START INFORMATION PROVIDED

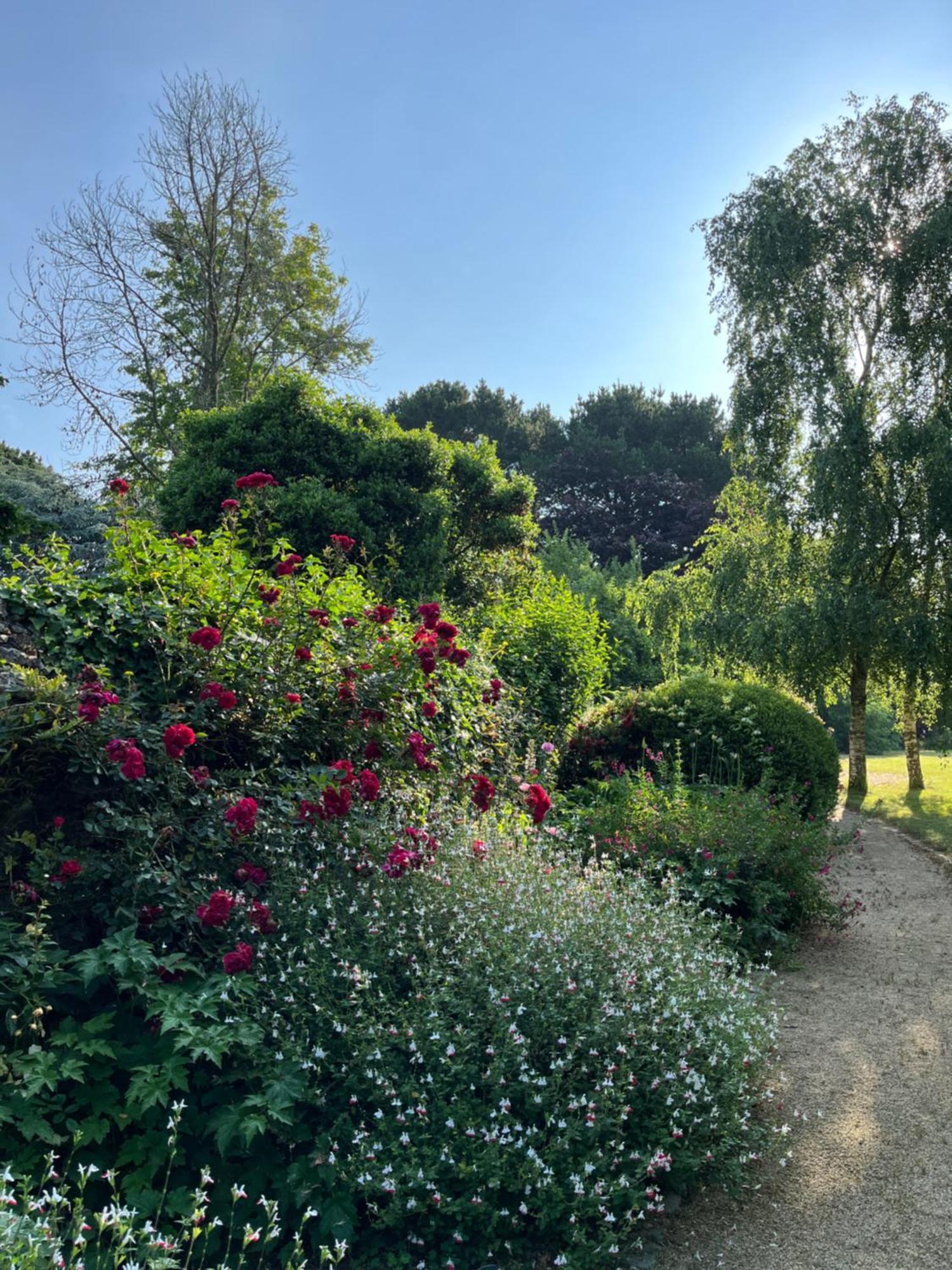 Bed and Breakfast Manoir Des Bords De Rance Plouër-sur-Rance Zewnętrze zdjęcie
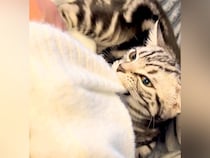 出かけようとしたら、ネコが腕をつかんできて…絶対に無視できない『可愛すぎる行動』に反響「振り払えるわけがない」「察知したのね」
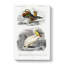 Duck & Pelican by Louis Renard - Wrapped Canvas Painting-55342642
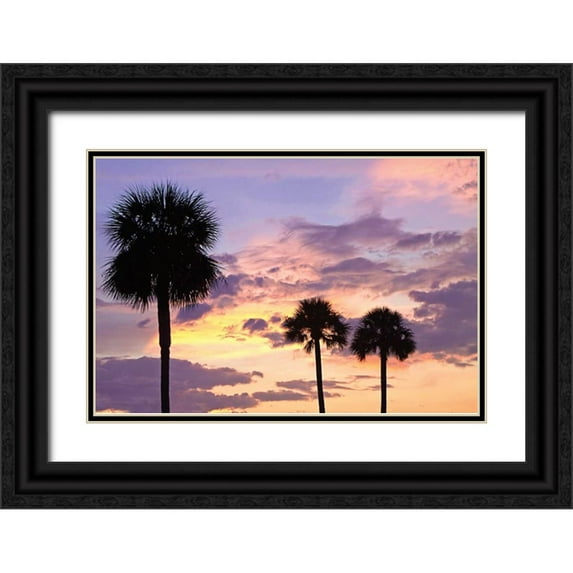 Hausenflock, Alan 18x13 Black Ornate Wood Framed with Double Matting Museum Art Print Titled - San Marcos Sunset IV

END INFORMATION PROVIDED

### [WHAT THIS TASK INVOLVES]
Find the line with "出かけようとしたら、ネコが腕". Reproduce it and every line after it through the last line above exactly, leaving out the pictures.

### [ANSWER BOX]
 出かけようとしたら、ネコが腕をつかんできて…絶対に無視できない『可愛すぎる行動』に反響「振り払えるわけがない」「察知したのね」
 Duck & Pelican by Louis Renard - Wrapped Canvas Painting-55342642
 Hausenflock, Alan 18x13 Black Ornate Wood Framed with Double Matting Museum Art Print Titled - San Marcos Sunset IV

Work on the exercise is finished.